Coronair arterieel calcium (CAC) scoring moet worden gebruikt om de beslissing verder te begeleiden, in het geval er geen beslissing kan worden genomen op basis van een 10-jaars ASCVD risicobeoordeling, vooral voor patiënten met een borderline of intermediair risico. Als de CAC-score lager is dan 0, zonder risicovolle aandoeningen, dan is het verstandig om statinetherapie te staken en als de CAC-score hoger is dan 100, dan is het verstandig om met statinetherapie te beginnen. Een CAC-score van 1 tot 99 geeft de voorkeur aan het gebruik van statine, vooral als de patiënt 55 jaar of ouder is.

Voor patiënten tussen de 20 en 39 jaar beveelt de ACC/AHA aan het levenslange risico op CAD vast te stellen om aanpassing van de levensstijl aan te moedigen. Behandeling met een statine moet worden overwogen als er een significante familieanamnese is van vroegtijdige ASCVD en het LDL hoger is dan of gelijk is aan 160. Voor patiënten ouder dan 75 jaar moet worden gekeken naar besprekingen tussen patiënt en arts, beoordeling van risicofactoren en bijwerkingen voor het starten of voortzetten van statinetherapie.

Aspirine

Aspirine is antitrombotisch en vermindert het risico op hart- en vaatziekten door onomkeerbare binding met de bloedplaatjes. Het gebruik van lage-dosis aspirine (75 tot 100 mg oraal) voor primaire preventie wordt de laatste tijd echter meer omstreden. Eerdere Amerikaanse richtlijnen adviseerden aspirine voor primaire preventie in de settings van significante ASCVD risicofactoren.

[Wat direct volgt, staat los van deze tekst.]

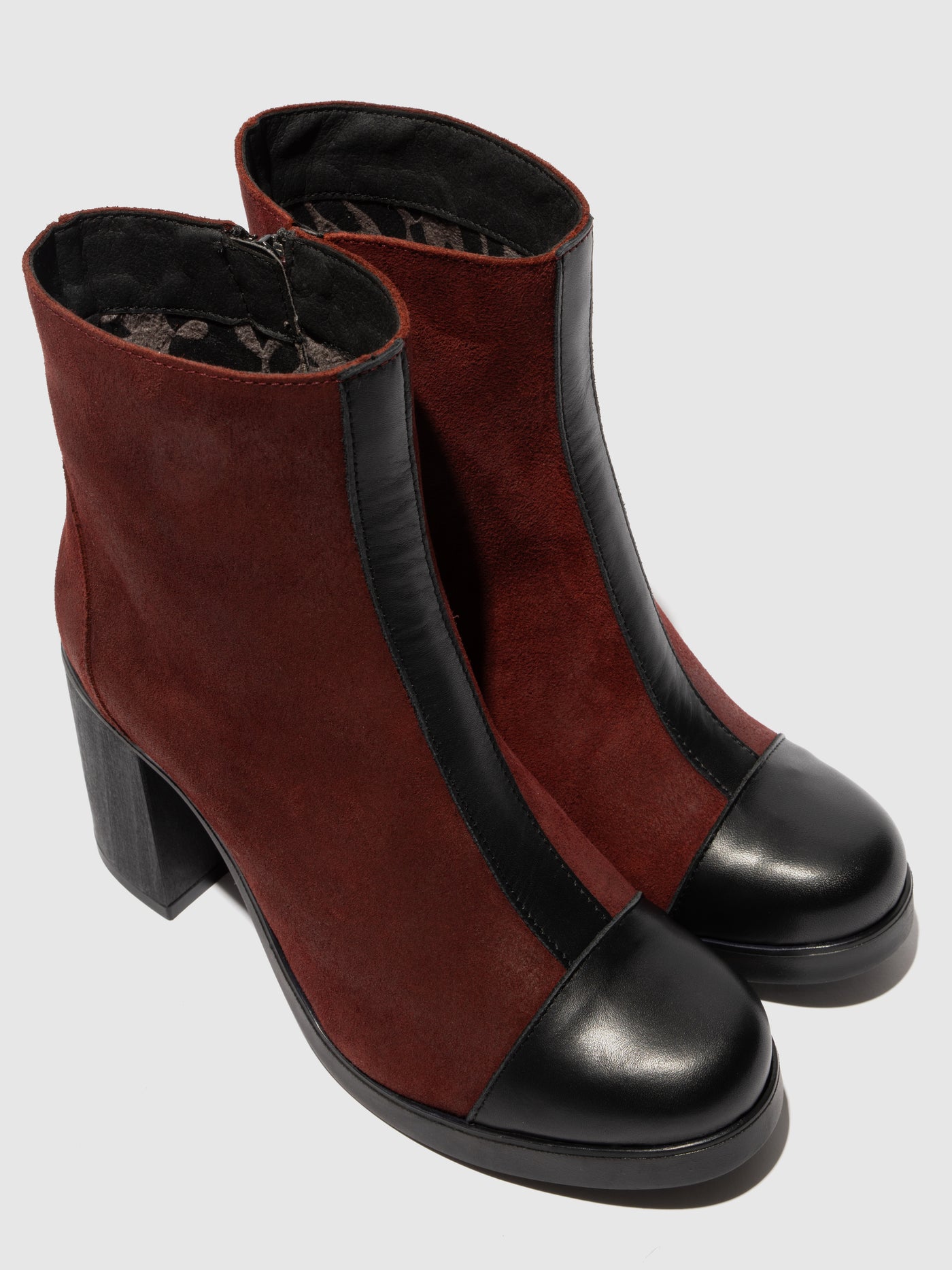 Zip Up Ankle Boots STIR985FLY BLACK/OXBLOOD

Volgens de recente ACC/AHA 2019-richtlijnen kan het gebruik van aspirine echter worden overwogen bij patiënten (40 tot 70 jaar) met significante risicofactoren voor hart- en vaatziekten en geen risico op bloedingen. De sterkte van de aanbeveling is relatief zwakker, en een grondige evaluatie met risico versus baten beoordeling is noodzakelijk. Deze richtlijnen voor primaire preventie moeten worden geëvalueerd op basis van de individuele patiënt, en risico versus analyse moet altijd gebaseerd zijn op het beste klinische oordeel van de arts.

Tweede preventie

Tweede preventie is de therapie om verdere schade en progressie van de ziekte te voorkomen nadat de patiënt de diagnose van hart- en vaatziekten heeft, inclusief coronaire, cerebrovasculaire of perifere arteriële aandoeningen. De richtlijnen zijn enigszins vergelijkbaar met die van de primaire preventie, met inbegrip van dieet, oefeningen en stoppen met roken, zoals hierboven besproken.

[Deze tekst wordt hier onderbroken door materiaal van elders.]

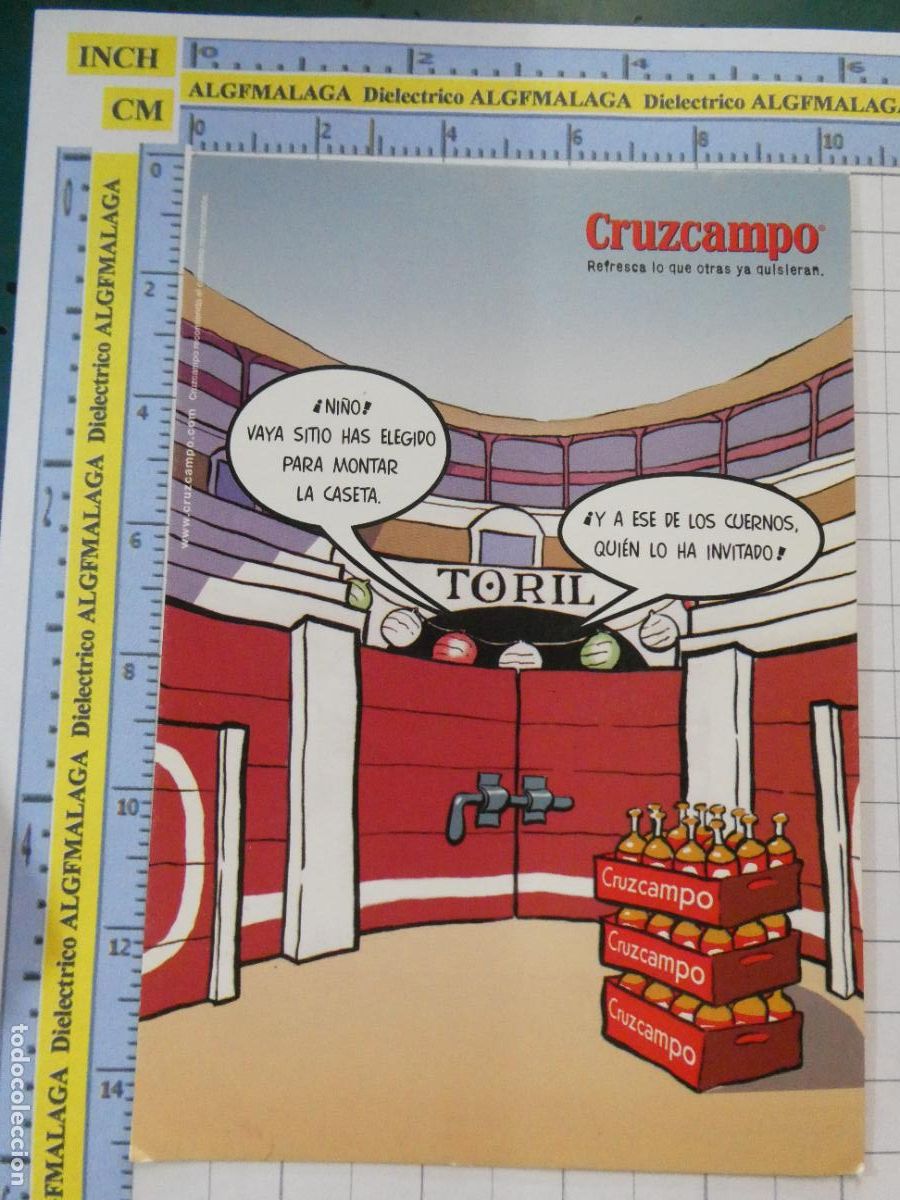 Postales: POSTAL PUBLICITARIA. PUBLICIDAD CERVEZA CRUZCAMPO TORILES PLAZA TOROS FERIA MALAGA 2000. 2938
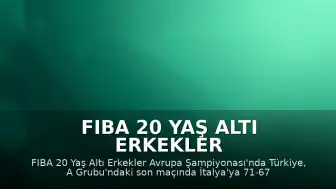 FIBA 20 Yaş Altı Erkekler Avrupa Şampiyonası: Türkiye, İtalya Karşısında Mağlup Oldu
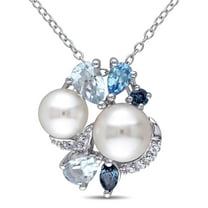 Everly Women's Cultured Pearl and Created Topaz and Created Sapphire Sterling Silver Necklace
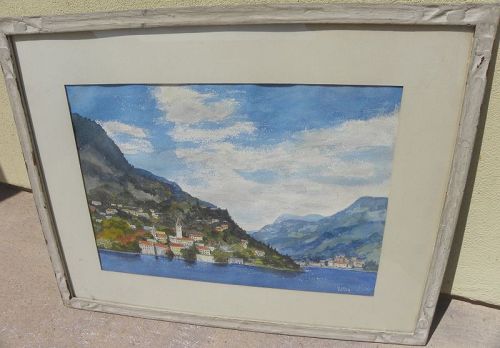 Italian Lake Como watercolor painting vintage American artist signed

Een groot deel van de secundaire preventie omvat ook farmacologische therapie. In tegenstelling tot de primaire preventie wordt anti-trombotische therapie (lage dosis aspirine) sterk aanbevolen, tenzij contra-indicatie. De dagelijkse dosis van 75 mg clopidogrel wordt aanbevolen voor personen die aspirine niet verdragen of er allergisch voor zijn. Bij alle patiënten met coronaire hartziekte en hypertensie stadium 1 moet de bloeddruk worden verlaagd met zowel niet-farmacologische als farmacologische therapieën. Metformine blijft de eerstelijnstherapie bij diabetespatiënten voor secundaire preventie. Statine met hoge intensiteit of maximaal getolereerde statine maakt deel uit van de secundaire preventie, onafhankelijk van de lipidenniveaus zolang de patiënt het kan verdragen, en het doel is een LDL van minder dan 70.

Geef een antwoord

Het e-mailadres wordt niet gepubliceerd.